In tema di politica, al Papa viene chiesto perché abbia voluto aggiungere la parola “genocidio” nel suo discorso al Palazzo presidenziale, durante il primo giorno di viaggio in Armenia. È “utile” per la pace? Il Pontefice ribatte spiegando che “in Argentina quando si parlava di sterminio armeno sempre si usava la parola genocidio… Io non conoscevo un’altra parola. Quando arrivo a Roma sento l’altra parola ‘Grande Male’ e mi dicono che genocidio è offensiva. Io sempre ho parlato dei tre genocidi del secolo scorso: quello armeno, quello di Hitler e quello di Stalin”. Inoltre “dopo aver sentito il tono del discorso del presidente armeno, e per il mio uso della parola, sarebbe suonato molto strano non dire lo stesso che avevo detto l’anno scorso”.

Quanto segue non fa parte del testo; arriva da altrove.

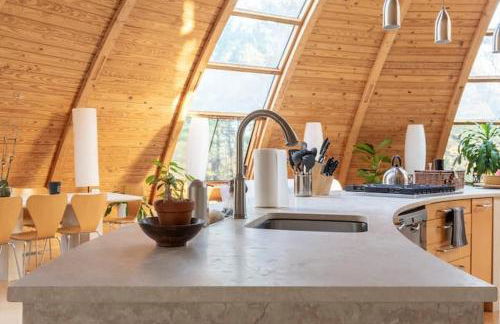 Unique Dome Home With Hot Tub & Piano, on 28 acres - Foto 49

Durante i genocidi, perché le potenze mondiali non hanno fatto qualcosa?
Il problema che il Papa ha voluto sottolineare venerdì è, comunque, un altro, e cioè il fatto che “in questo genocidio, come negli altri due successivi, le grandi potenze internazionali guardavano da un’altra parte”. “Durante la Seconda Guerra mondiale, alcune potenze avevano la possibilità di bombardare le ferrovie che portavano ad Auschwitz, e non l’hanno fatto”, annota Francesco. “Nel contesto dei tre genocidi si deve fare questa domanda storica: perché non avete fatto qualcosa? Non so se è vero, ma si dice che Hitler quando perseguitava gli ebrei, avesse detto: ‘Chi si ricorda oggi degli armeni? Facciamo lo stesso con gli ebrei’. Ma la parola genocidio mai io l’ho detta con l’animo offensivo, ma oggettivamente”.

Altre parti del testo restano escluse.